Wednesday, 24 April, 2024

Wearable sensor measures real skin feel

Researchers from Procter & Gamble (P&G, the Singapore Innovation Centre (SgIC) and Nanyang Technological University Singapore (NTU Singapore) have developed a wearable skin sensor, known as “HapSense”, that allows scientists to speed up their analysis of skincare cosmetic products. Typical skin-test panels consist of skincare product reviewers who represent a defined user demographic based on the nature of the study. Unlike conventional methods that rely on subjective assessments like consumer surveys, HapSense offers precise, objective and quantifiable measurements of tactile sensations, enabling an accurate understanding of the human sense of touch.

Shaped like a signet ring and worn on the fingertip, the sensor component of HapSense is attached to a smartwatch-like module, creating a portable, lightweight device that could be used for skin analysis in consumers’ homes. As the sensor glides along the skin or any surface, HapSense captures real-time data on friction and pressure that is independent of the consumers’ perceptions. This multidimensional sensing and tracking with high sensitivity provides insights into the effects of a skincare product on the skin.

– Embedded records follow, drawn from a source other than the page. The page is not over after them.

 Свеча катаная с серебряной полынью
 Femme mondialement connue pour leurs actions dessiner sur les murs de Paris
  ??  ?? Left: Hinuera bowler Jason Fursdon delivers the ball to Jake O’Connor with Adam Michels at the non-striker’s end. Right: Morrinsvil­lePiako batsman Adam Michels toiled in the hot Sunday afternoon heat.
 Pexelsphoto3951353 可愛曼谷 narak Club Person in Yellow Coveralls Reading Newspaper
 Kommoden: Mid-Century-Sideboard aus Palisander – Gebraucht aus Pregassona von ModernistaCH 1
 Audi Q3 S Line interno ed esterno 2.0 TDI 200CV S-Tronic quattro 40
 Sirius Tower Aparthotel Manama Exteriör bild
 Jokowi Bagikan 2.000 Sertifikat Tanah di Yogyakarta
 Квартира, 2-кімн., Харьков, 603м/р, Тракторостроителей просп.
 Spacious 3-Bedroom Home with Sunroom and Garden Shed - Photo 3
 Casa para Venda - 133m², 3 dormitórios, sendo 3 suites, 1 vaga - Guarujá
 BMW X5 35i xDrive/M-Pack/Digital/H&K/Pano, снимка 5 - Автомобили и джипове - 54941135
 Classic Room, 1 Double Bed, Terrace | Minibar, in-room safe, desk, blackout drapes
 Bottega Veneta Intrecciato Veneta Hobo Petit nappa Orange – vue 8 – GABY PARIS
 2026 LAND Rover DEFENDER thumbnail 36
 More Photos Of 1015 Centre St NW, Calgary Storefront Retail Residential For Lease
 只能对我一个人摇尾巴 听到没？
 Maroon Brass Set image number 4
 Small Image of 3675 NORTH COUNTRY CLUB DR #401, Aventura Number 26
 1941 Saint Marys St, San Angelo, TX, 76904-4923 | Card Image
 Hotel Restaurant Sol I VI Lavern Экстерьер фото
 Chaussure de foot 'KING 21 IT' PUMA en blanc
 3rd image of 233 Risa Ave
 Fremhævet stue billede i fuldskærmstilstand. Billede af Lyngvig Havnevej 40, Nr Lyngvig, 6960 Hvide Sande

By harnessing advanced algorithms, scientists can perform big data analysis using consistent data across the effects of different products over the years, gleaning insights that can guide the formulation of skincare products or the personalisation of skincare regimes for different skin types and demographics. HapSense also has the potential to expand its applications to testing surfaces and products in a range of categories, such as fabric care, hair care, baby care or feminine care.

Professor Louis Phee, Vice President (Innovation and Entrepreneurship) at NTU Singapore, said the sensor is an innovative product that showcases the potential of soft electronics in real-life applications, making it useful for many industries. “Our next steps will be advancing the commercialisation of the technology and establishing manufacturing standards for soft electronics, an emerging field where Singapore has strong potential to lead globally,” Phee said.